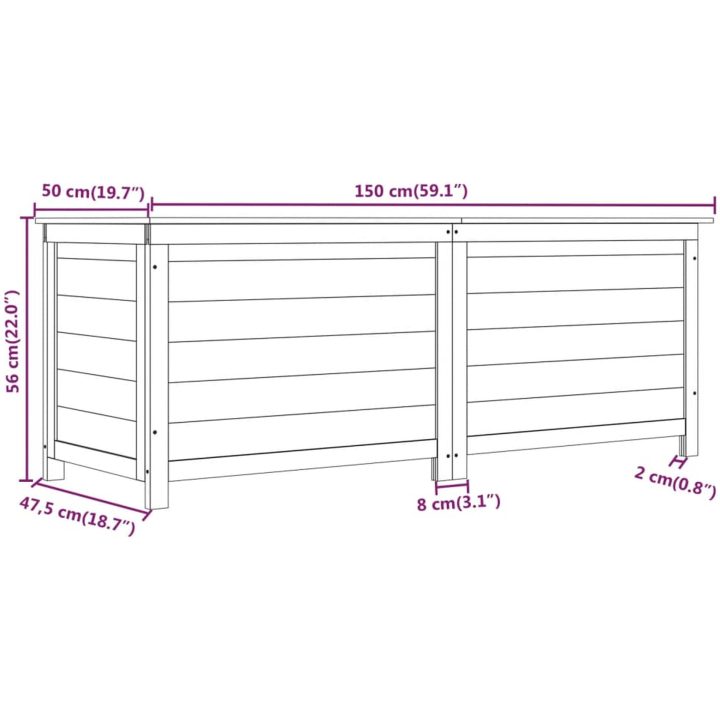 Dynbox för trädgården antracit 50x50x56 cm massivt granträ vidaXL 150 x 50 x 56 cm – bild 7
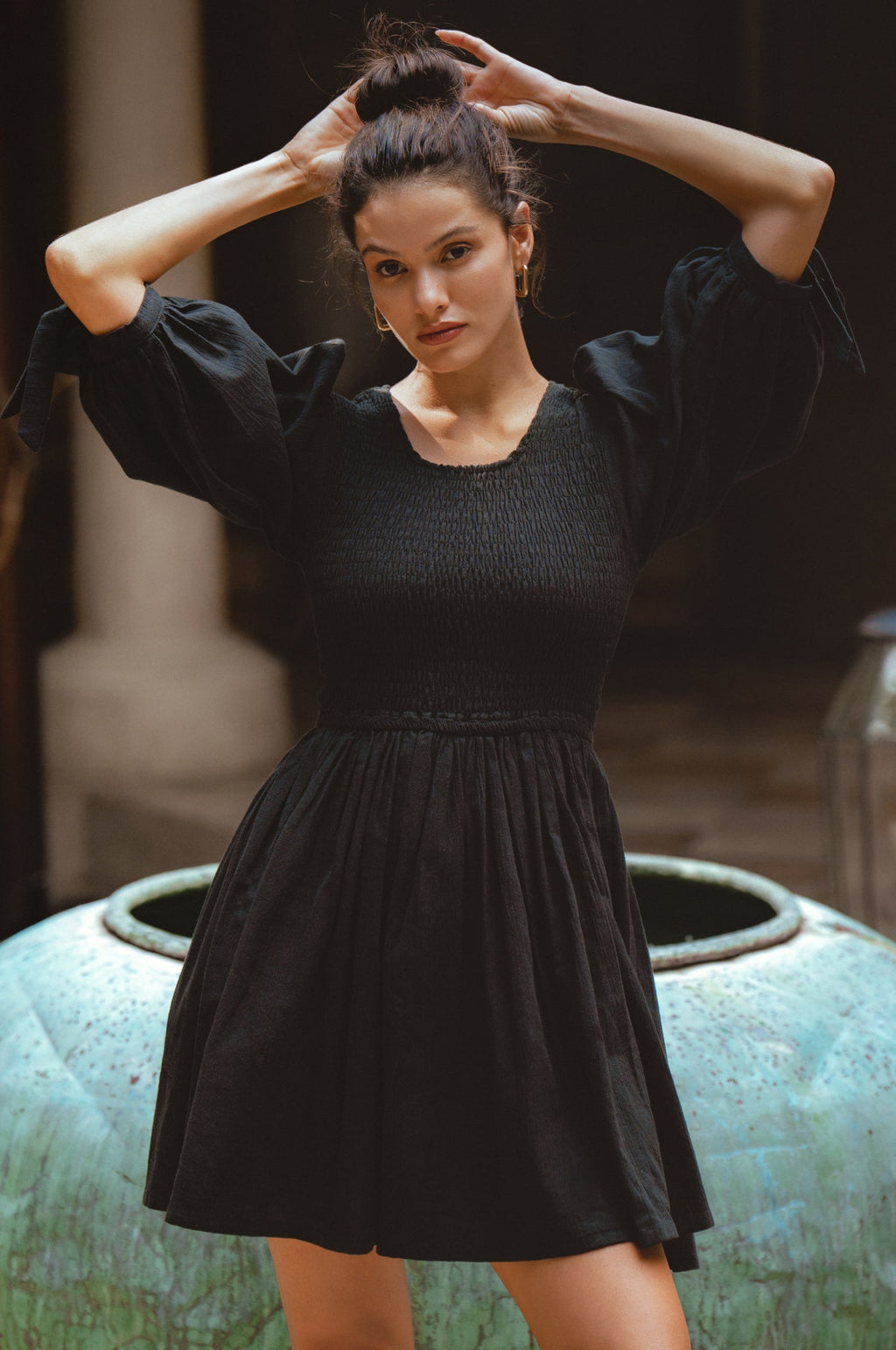 Jolie Puff Sleeve Linen Mini Dress by Bali ELF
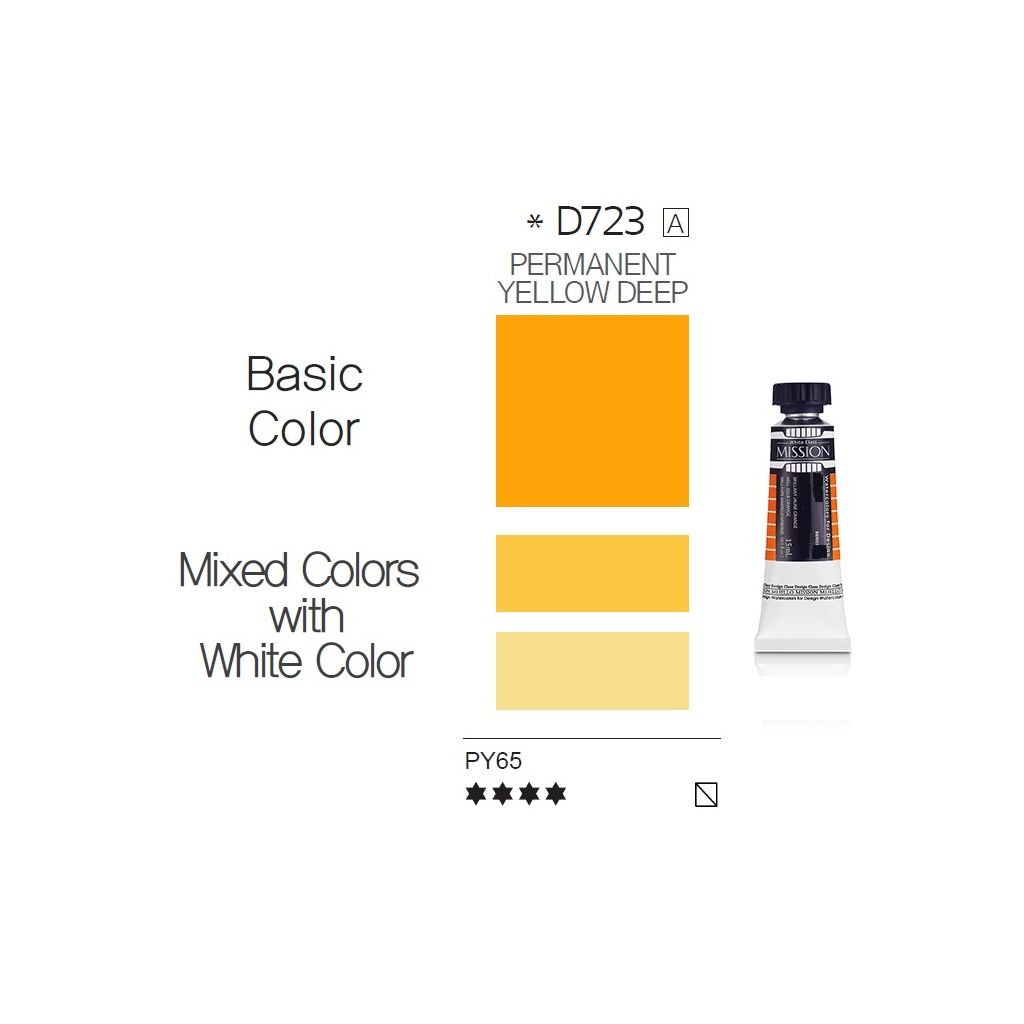 Mijello Mission White Class Hybrid Designers Gouache - Permanent Yellow Deep (723) - 15 ML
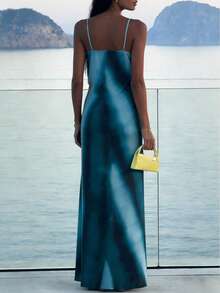 EMERY ROSE 女士优雅蜡染印花宽松吊带连衣裙，适合度假、约会、夏季穿着 - 彩色 - 查看 2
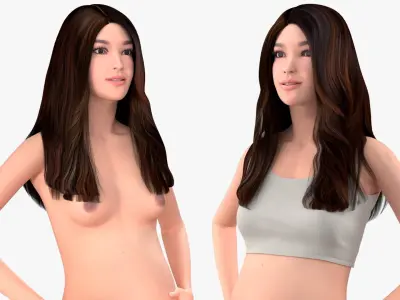  Asian Pregnant Woman with Yoga Equipment Collection 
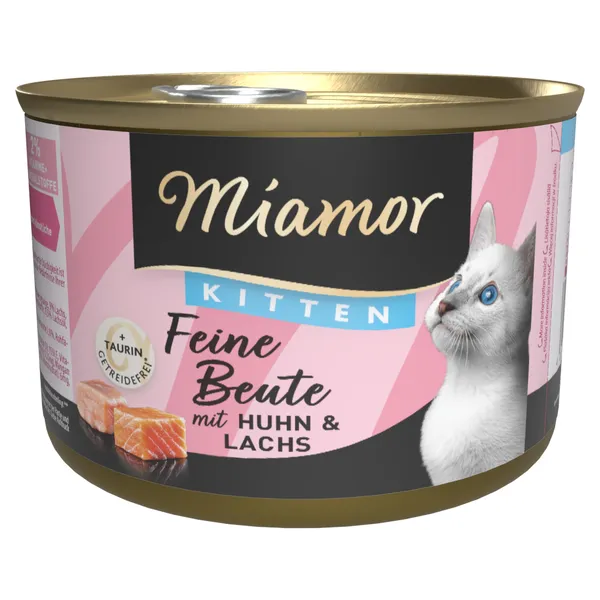 24 x 185g chaton poulet, saumon Miamor Proies fines nourriture humide pour chats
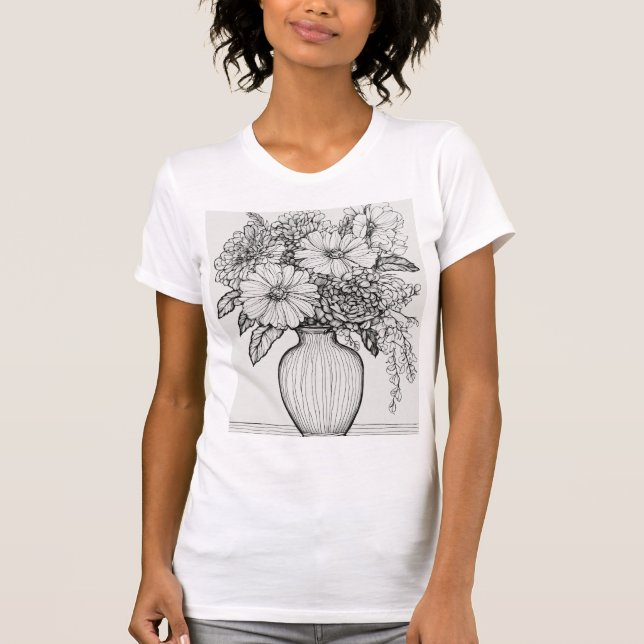 T-shirt Serenity in Still Life : Vase and Flower Sketch (Devant)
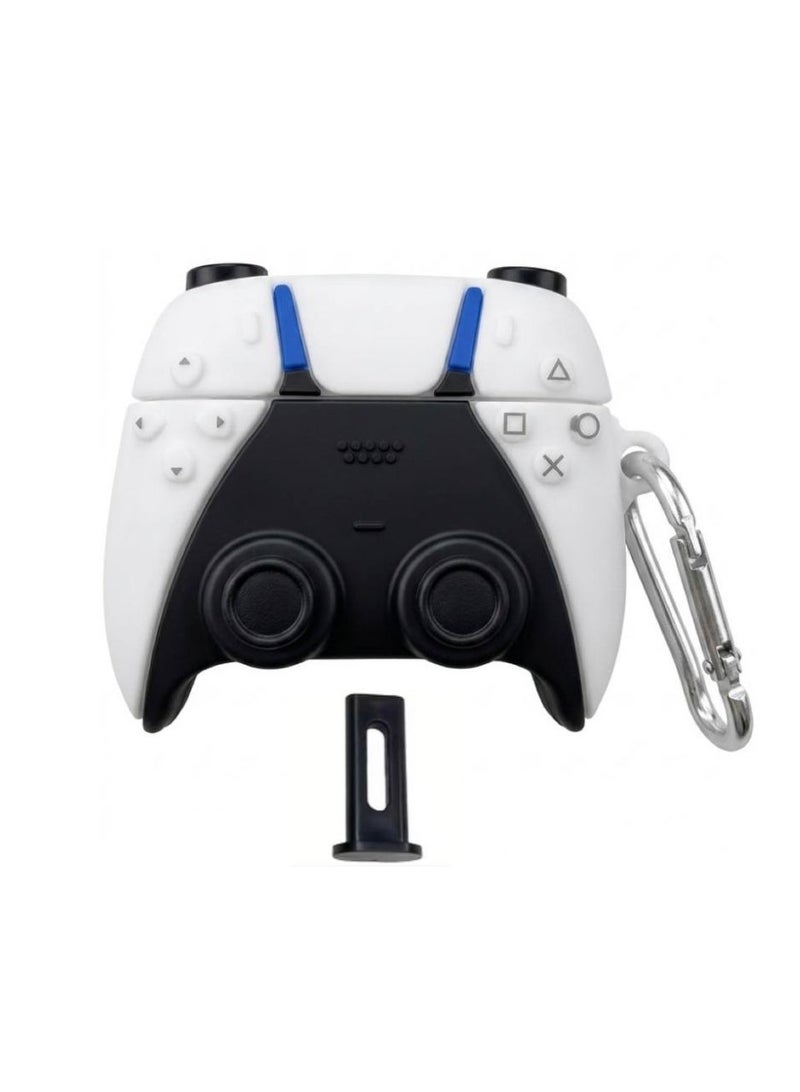 Aura Style PS5 Controller Silicone Case for Apple AirPods 4 – Fun Gaming Design, Shock-Proof Cover with Carabiner, White - Image 1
- - - -
Task brief => Copy all the material word for word, minus its pictures.

Response to this task =>
 Dynbox för trädgården antracit 50x50x56 cm massivt granträ vidaXL 150 x 50 x 56 cm – bild 7
 Jolie Puff Sleeve Linen Mini Dress by Bali ELF
 Mijello Mission White Class Hybrid Designers Gouache - Permanent Yellow Deep (723) - 15 ML
 EMERY ROSE 女士优雅蜡染印花宽松吊带连衣裙，适合度假、约会、夏季穿着 - 彩色 - 查看 2
  Asian Pregnant Woman with Yoga Equipment Collection 
 24 x 185g chaton poulet, saumon Miamor Proies fines nourriture humide pour chats
 T-shirt Serenity in Still Life : Vase and Flower Sketch (Devant)
 Aura Style PS5 Controller Silicone Case for Apple AirPods 4 – Fun Gaming Design, Shock-Proof Cover with Carabiner, White - Image 1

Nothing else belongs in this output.